Segmentation#

Semantic image segmentation is the process of pixel-by-pixel classification that results in segments that correspond to the same object. Segmentation is typically used to identify and locate objects in an image and to determine their shape and size.

Labelling#

To train a neural network for semantic segmentation it is necessary to create images that are labelled accordingly.

../_images/segmentation_tools.png — Segmentation tools#

Different tools and functions in MIA exist to label images for semantic segmentation.

To label an image select a tool and draw inside the image to label image objects.

Note

There is no save option as all changes during labelling are saved immediately. Use or ctrl + z to undo the last labelling action.

All labels are saved in a subfolder inside the currently active folder and have the same file name as the currently selected image, but with .npz as file extension.

Tools#

By selecting the tool or pressing F1 you can always switch to the drag tool to zoom and change the field of view. Press the Spacebar to toggle between drag tool and the last selected tool.

Use the tool (or press F2) to label objects with freehand labelling. While pressing the left_mouse you can label target objects in the image.

With the tool (or press F3) to label objects with polygones. Press the left_mouse to add add polygone point. When pressing the right_mouse, the first and the last set polygone points are connected resulting in the finished contour.

Tip

tool and tool have different options, press the right_mouse to toggle between them:

Add contours are added to the image from the active class. If contours overlap and are from the same class they are combined to a single contour.
Delete removes the created contour from existing contours.
Slice creates a line that is removed from existing contours, can be used to split contours.

The tool (or press F4) can be used to asssign a new class to an existing contour. Select the target class and press the left_mouse inside an existing contour.

The tool (or press F5) can be used to correct existing contours. Press and hold the left_mouse to correct existing contours.

Tip

tool has different options, press the right_mouse to toggle between them and use the mouse_wheel to change the size slider:

Expand allows you to enlarge an existing contour or to create a new contour.
Erase removes parts from existing contours.
Size slider changes the size of the tool.

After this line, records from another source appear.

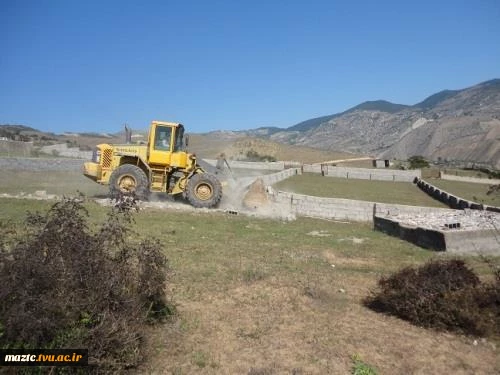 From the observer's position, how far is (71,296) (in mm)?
3830

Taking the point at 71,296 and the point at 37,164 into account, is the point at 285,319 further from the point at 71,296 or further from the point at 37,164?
the point at 37,164

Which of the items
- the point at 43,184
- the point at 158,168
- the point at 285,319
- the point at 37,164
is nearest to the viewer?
the point at 285,319

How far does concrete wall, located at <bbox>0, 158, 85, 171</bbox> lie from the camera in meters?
24.8

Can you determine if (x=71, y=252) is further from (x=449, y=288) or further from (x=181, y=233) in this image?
(x=181, y=233)

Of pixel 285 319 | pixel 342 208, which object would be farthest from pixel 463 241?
pixel 285 319

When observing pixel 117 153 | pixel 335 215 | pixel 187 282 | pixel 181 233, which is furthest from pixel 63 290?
pixel 335 215

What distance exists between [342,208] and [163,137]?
7419 mm

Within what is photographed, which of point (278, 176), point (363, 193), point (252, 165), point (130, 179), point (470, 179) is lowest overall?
point (363, 193)

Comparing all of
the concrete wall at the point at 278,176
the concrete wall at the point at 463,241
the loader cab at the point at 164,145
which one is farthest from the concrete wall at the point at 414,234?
the concrete wall at the point at 278,176

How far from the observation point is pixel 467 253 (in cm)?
1043

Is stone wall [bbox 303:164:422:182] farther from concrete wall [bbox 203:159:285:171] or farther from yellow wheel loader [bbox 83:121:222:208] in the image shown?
yellow wheel loader [bbox 83:121:222:208]

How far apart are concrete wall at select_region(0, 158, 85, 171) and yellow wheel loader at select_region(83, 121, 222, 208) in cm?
1317

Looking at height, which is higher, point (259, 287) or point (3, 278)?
point (3, 278)

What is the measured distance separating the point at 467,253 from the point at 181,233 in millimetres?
6899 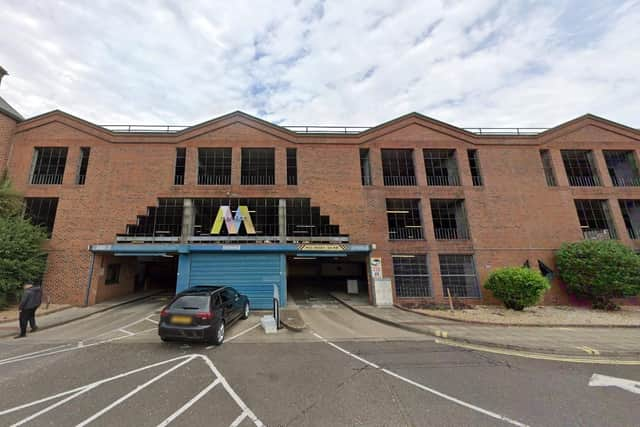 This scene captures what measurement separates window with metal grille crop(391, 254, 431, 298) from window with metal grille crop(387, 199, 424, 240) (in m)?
1.88

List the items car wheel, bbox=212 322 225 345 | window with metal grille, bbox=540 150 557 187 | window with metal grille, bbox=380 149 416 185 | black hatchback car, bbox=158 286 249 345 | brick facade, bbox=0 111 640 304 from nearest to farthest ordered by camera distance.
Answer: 1. black hatchback car, bbox=158 286 249 345
2. car wheel, bbox=212 322 225 345
3. brick facade, bbox=0 111 640 304
4. window with metal grille, bbox=540 150 557 187
5. window with metal grille, bbox=380 149 416 185

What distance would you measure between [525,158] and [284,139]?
1692cm

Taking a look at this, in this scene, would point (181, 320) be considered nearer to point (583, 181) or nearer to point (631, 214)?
point (583, 181)

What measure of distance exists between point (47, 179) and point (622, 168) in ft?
131

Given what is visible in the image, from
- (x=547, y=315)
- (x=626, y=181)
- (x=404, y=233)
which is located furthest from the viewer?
(x=626, y=181)

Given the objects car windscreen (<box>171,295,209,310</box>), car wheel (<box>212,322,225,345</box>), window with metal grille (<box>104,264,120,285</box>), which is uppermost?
window with metal grille (<box>104,264,120,285</box>)

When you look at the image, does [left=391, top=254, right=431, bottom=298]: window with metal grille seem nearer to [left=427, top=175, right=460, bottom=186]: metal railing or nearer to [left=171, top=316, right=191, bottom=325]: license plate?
[left=427, top=175, right=460, bottom=186]: metal railing

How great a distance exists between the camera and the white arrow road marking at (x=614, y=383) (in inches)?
192

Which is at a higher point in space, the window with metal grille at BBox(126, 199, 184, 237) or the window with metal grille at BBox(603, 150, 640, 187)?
the window with metal grille at BBox(603, 150, 640, 187)

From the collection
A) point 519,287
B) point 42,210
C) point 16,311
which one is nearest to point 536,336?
point 519,287

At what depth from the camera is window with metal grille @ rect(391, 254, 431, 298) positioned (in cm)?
1391

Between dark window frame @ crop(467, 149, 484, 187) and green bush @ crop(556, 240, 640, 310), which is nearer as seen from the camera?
green bush @ crop(556, 240, 640, 310)

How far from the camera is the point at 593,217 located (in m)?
16.0

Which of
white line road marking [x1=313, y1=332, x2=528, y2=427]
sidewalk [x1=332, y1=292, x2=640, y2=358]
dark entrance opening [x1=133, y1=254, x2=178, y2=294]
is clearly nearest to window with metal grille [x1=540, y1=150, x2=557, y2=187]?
sidewalk [x1=332, y1=292, x2=640, y2=358] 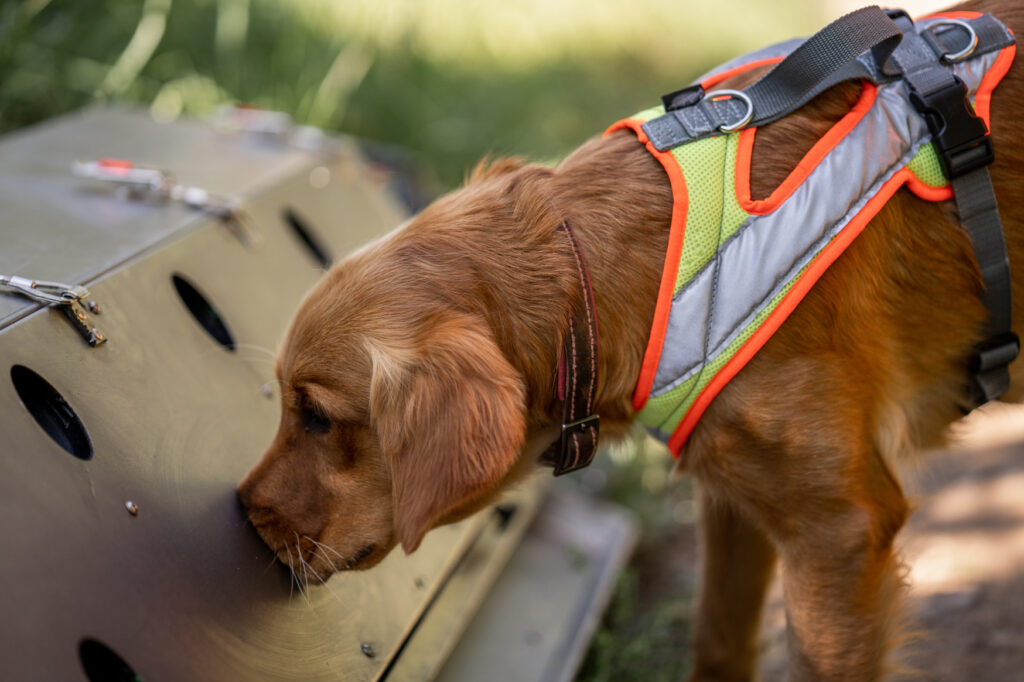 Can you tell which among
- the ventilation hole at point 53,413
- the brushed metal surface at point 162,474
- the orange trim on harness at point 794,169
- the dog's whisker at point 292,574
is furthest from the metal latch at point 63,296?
the orange trim on harness at point 794,169

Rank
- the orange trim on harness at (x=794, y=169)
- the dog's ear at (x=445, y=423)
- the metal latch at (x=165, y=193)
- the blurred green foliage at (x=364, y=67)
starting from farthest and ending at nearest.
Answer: the blurred green foliage at (x=364, y=67)
the metal latch at (x=165, y=193)
the orange trim on harness at (x=794, y=169)
the dog's ear at (x=445, y=423)

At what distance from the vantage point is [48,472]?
70.8 inches

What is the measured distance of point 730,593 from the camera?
2.86m

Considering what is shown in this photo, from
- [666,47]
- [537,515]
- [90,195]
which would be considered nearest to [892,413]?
[537,515]

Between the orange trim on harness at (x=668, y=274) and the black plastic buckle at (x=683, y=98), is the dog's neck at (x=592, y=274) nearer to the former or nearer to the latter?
the orange trim on harness at (x=668, y=274)

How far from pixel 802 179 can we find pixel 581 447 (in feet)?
2.83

The tool (or press F6) can be used to remove contours. Press the left_mouse inside a contour to remove that contour.

By checking Inner contours, contours may have holes. When unchecking Internal contours all holes inside of contours are removed, immediately.

Automated and Semi-Automated Labelling#

Different automated and semi-automated segmentation option are implemented in MIA to speed-up image labelling.

Note

All automated methods only affect the current field of view and ignoring everything outside. For multiple complex objects in a larger image, it can be helpful to focus the field of view on each object individually.

Smart Mode#

The Smart Mode enables an iterative, interactive segmentation mode based on grabcut [1]. Perform smartmode segmentation as follows:

Select a tool (, , ) to roughly label a part of the target structures
If parts are labelled but should not be labelled remove some of those parts that should be unlabelled
If parts are not labelled but should be labelled add some of those parts that should be labelled
Repeat steps 2 and 3
Select another class and repeat steps 1-4 to label objects of a different class

Auto-Segmentation#

The Auto Seg function performs deep learning based edge detection based on Holistically-nested edge detection [2].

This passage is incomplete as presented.